QUESTION2: Im going to compile the kernel afterwards because of PF etc. Which GENERIC should I choose as a starting point?

Thanks.
Nikolaj G., Denmark, Copenhagen


----------



## SirDice (Apr 9, 2010)

nikolajg said:
			
		

> QUESTION1: Making "buildworld" gives me this error:


Remove any CPUFLAGS and/or CFLAGS and/or other build options from /etc/make.conf



> QUESTION2: Im going to compile the kernel afterwards because of PF etc. Which GENERIC should I choose as a starting point?


For FreeBSD-amd64 /usr/src/sys/amd64/conf/GENERIC. For FreeBSD-i386 /usr/src/sys/i386/conf/GENERIC. Note the architecture in the path.


----------



## phoenix (Apr 9, 2010)

nikolajg said:
			
		

> I've made an minimum install of the 8.0-RELEASE-amd64-memstick.img on a server with MSI IM-GM45 motherboard, 4Gb ram and P8600 CPU. I've made an csup using the standard-supfile (RELENG_8_0) to get latest sercurity and bugfixes.
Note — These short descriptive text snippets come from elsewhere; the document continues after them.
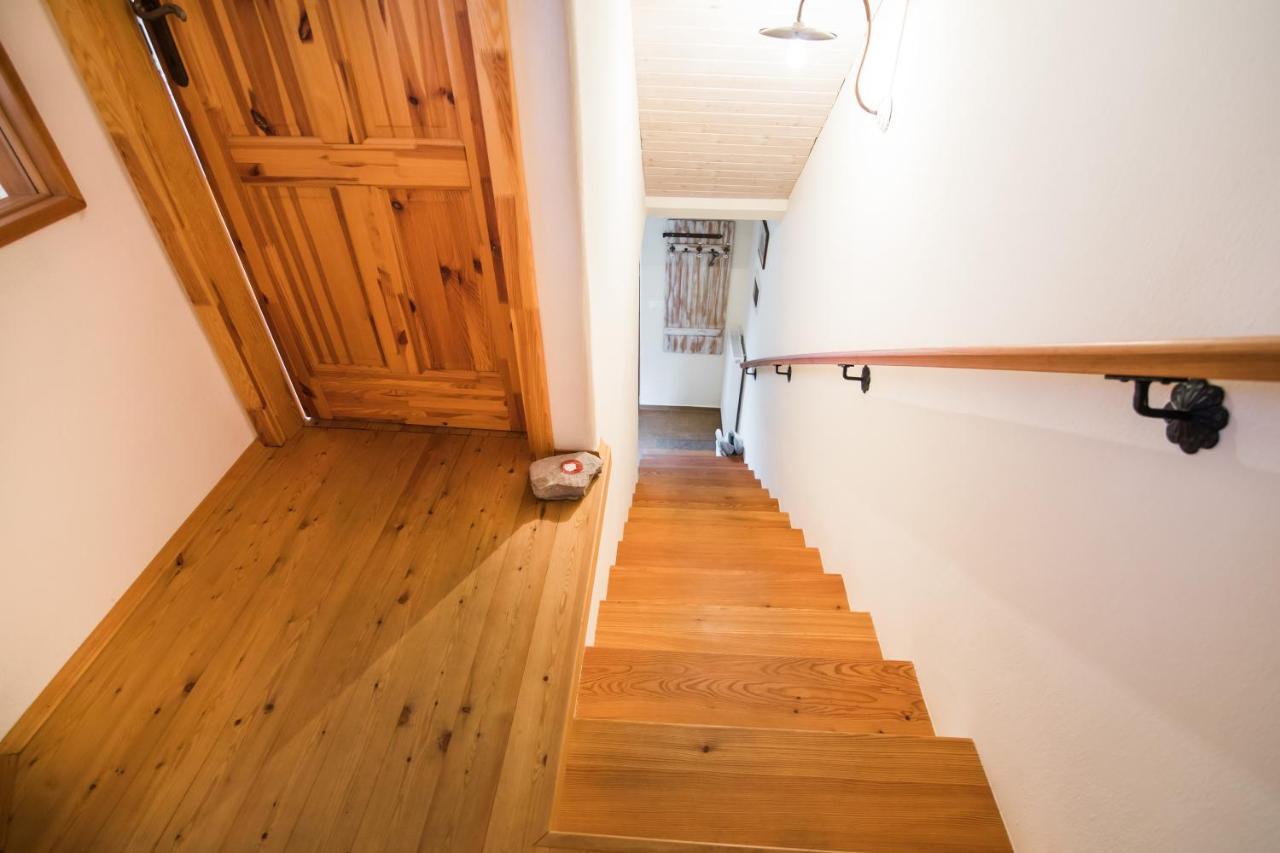 Apartma Lojz Bovec Buitenkant foto
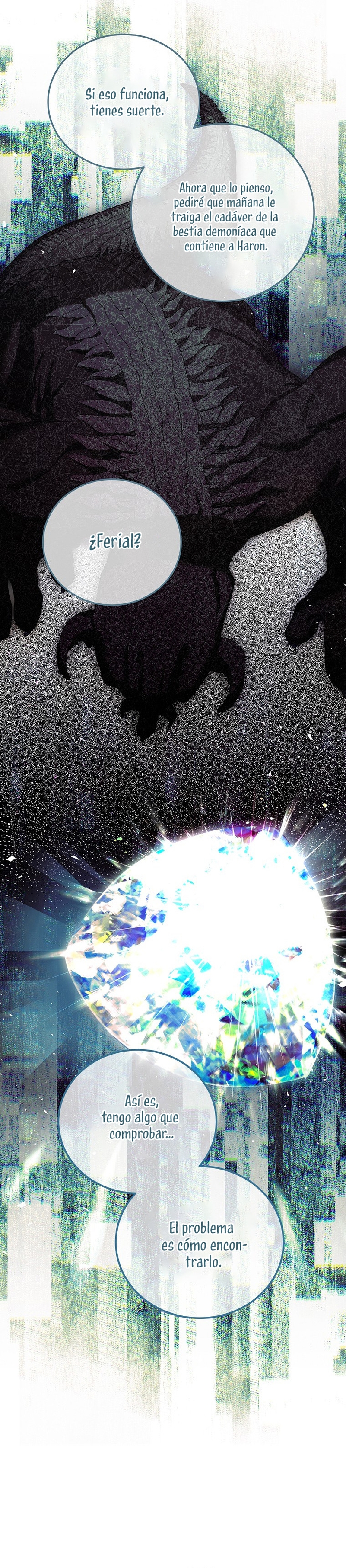 El tiempo adicional de la enferma terminal Capítulo 63 - Page 39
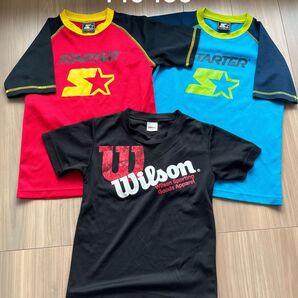 STARTER Wilson Tシャツ 3枚セット まとめ売り スポーツウェア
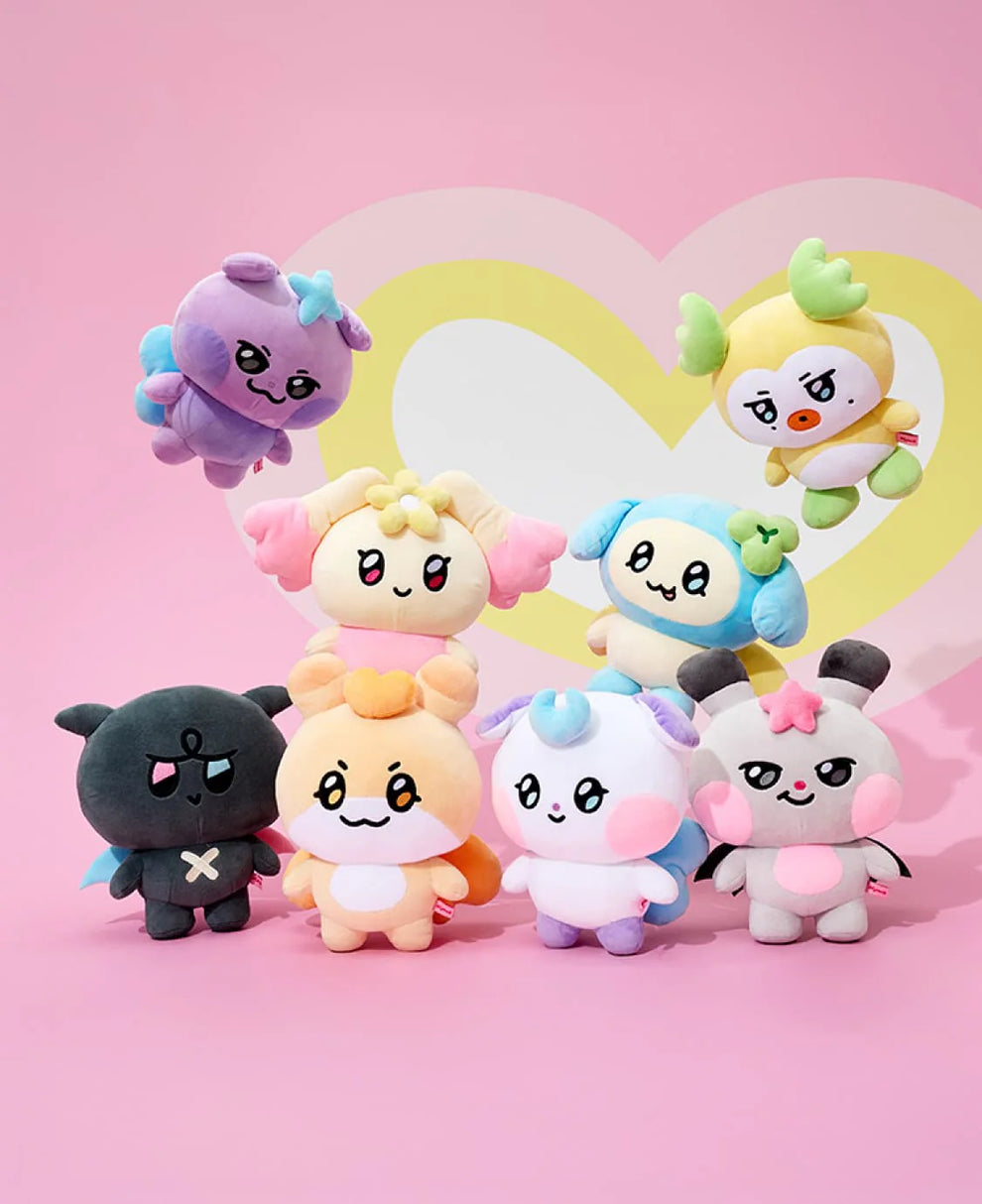 ATEEZ - [MIGHTEEZ PLUSH - MEDIUM SIZE]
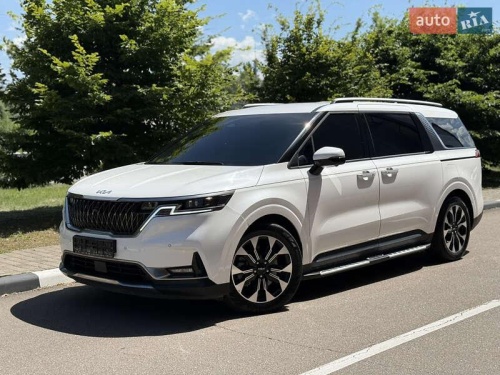 Kia Carnival 2022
I have 2 questions:
> 
> QUESTION1: Making "buildworld" gives me this error:
> 
> ...



If you installed the amd64 (64-bit) version, why are you compiling for an i686 (32-bit) version?  Do you have the wrong CPUTYPE listed in /etc/make.conf?  Or are you actually running the 32-bit version of FreeBSD?  What's shown in *uname -a* output?



> QUESTION2: Im going to compile the kernel afterwards because of PF etc. Which GENERIC should I choose as a starting point?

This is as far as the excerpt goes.